You are viewing a plain text version of this content. The canonical link for it is here.
Posted to commits@druid.apache.org by GitBox <gi...@apache.org> on 2021/05/07 21:36:12 UTC
[GitHub] [druid] benkrug opened a new issue #11219: doubleMean ignores useDefaultValueForNull=false, treats nulls as zeros
benkrug opened a new issue #11219:
URL: https://github.com/apache/druid/issues/11219
### Affected Version
Seen in 0.20.0
### Description
doubleMean ignores the setting useDefaultValueForNull=false, and treats nulls as zeros. Taking a mean, it possibly ignores the nulls when summing, but apparently divides by a count that includes the rows with nulls. It should exclude those from the count when dividing.
The attached ingestion spec and data file load 10 rows, with myMetric including values from 1 to 10, excluding 5 and 10 (which are null), so the data ends up looking like this:
myDim myMetric
1 1
2 2
3 3
4 4
5 null
6 6
7 7
8 8
9 9
10 null
Here's a very basic doubleMean query:
{
"queryType": "timeseries",
"dataSource": {
"type": "table",
"name": "numbersAndNulls"
},
"intervals": {
"type": "intervals",
"intervals": [
"-146136543-09-08T08:23:32.096Z/146140482-04-24T15:36:27.903Z"
]
},
"granularity": {
"type": "all"
},
"aggregations": [
{
"type": "doubleMean",
"name": "doubleMean",
"fieldName": "myMetric",
"expression": null
}
]
}
The mean should be (sum myMetric)/(count myMetric) - 40/8, or 5. However, 4 is returned - 40/10. So it's treating the "5" and "10" rows as if they included 0's.
If we filter for not null, we get the right result.
{
"queryType": "timeseries",
"dataSource": {
"type": "table",
"name": "numbersAndNulls"
},
"intervals": {
"type": "intervals",
"intervals": [
"-146136543-09-08T08:23:32.096Z/146140482-04-24T15:36:27.903Z"
]
},
"granularity": {
"type": "all"
},
"filter": {
"type": "not",
"field": {
"type": "selector",
"dimension": "myMetric",
"value": null,
"extractionFn": null
}
},
"aggregations": [
{
"type": "doubleMean",
"name": "doubleMean",
"fieldName": "myMetric",
"expression": null
}
]
}
But we shouldn't have to add this filter.

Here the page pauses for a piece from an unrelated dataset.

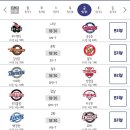 9월 21일 금요일 KBO 프로야구 각 구단 선발투수 이미지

[data.txt](https://github.com/apache/druid/files/6444381/data.txt)
[ingest.txt](https://github.com/apache/druid/files/6444382/ingest.txt)
--
This is an automated message from the Apache Git Service.
To respond to the message, please log on to GitHub and use the
URL above to go to the specific comment.
For queries about this service, please contact Infrastructure at:
users@infra.apache.org
---------------------------------------------------------------------
To unsubscribe, e-mail: commits-unsubscribe@druid.apache.org
For additional commands, e-mail: commits-help@druid.apache.org
[GitHub] [druid] Hikamare commented on issue #11219: doubleMean ignores useDefaultValueForNull=false, treats nulls as zeros
Posted by GitBox <gi...@apache.org>.
Hikamare commented on issue #11219:
URL: https://github.com/apache/druid/issues/11219#issuecomment-844053799
Having the same issue. Is there an additional step that has to be done for such queries to work or this is a feature that should only be used with filtering?
--
This is an automated message from the Apache Git Service.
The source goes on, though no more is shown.